• _EXERCISE DATA_
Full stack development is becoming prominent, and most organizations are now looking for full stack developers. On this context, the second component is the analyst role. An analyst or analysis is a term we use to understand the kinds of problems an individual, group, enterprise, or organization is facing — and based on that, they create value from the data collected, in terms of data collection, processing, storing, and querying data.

---

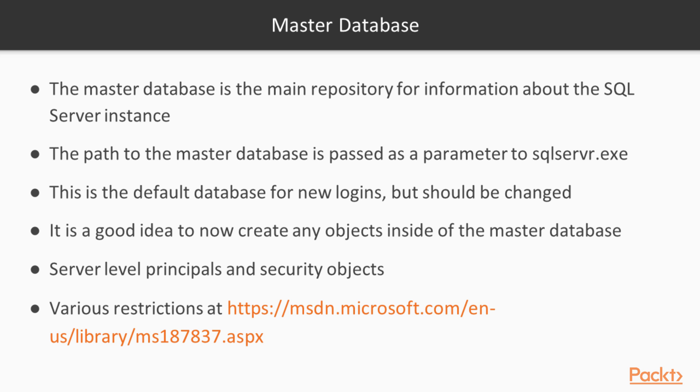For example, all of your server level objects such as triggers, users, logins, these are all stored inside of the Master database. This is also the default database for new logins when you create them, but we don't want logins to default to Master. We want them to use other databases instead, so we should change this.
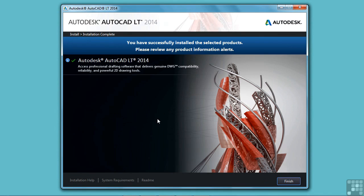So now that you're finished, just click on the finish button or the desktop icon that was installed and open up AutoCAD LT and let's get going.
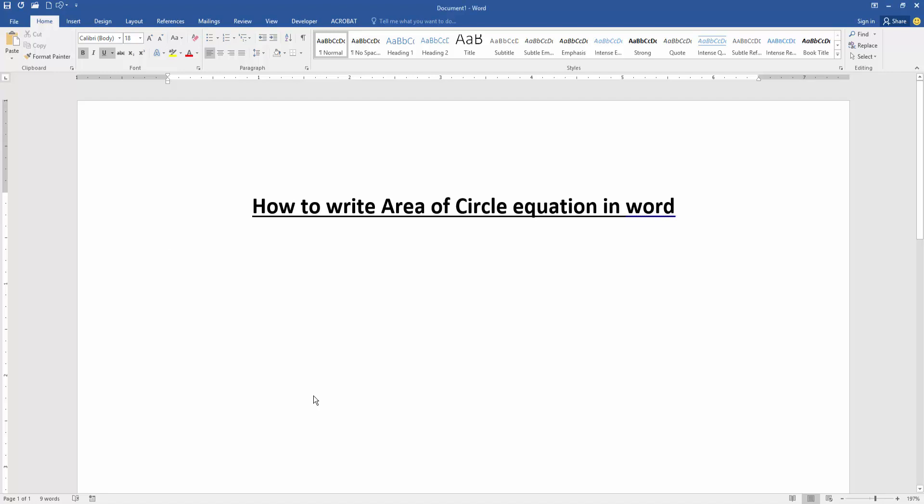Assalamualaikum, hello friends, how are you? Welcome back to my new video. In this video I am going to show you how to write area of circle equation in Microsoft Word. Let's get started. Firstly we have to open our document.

• _WHAT NEEDS TO BE DONE_
When you reach the line with "So now that" in the records above, begin repeating the lines exactly, and stop after the line with "Assalamualaikum, hello friends, how". Skip all pictures.

• _ANSWER TO THE EXERCISE_
So now that you're finished, just click on the finish button or the desktop icon that was installed and open up AutoCAD LT and let's get going.
Assalamualaikum, hello friends, how are you? Welcome back to my new video. In this video I am going to show you how to write area of circle equation in Microsoft Word. Let's get started. Firstly we have to open our document.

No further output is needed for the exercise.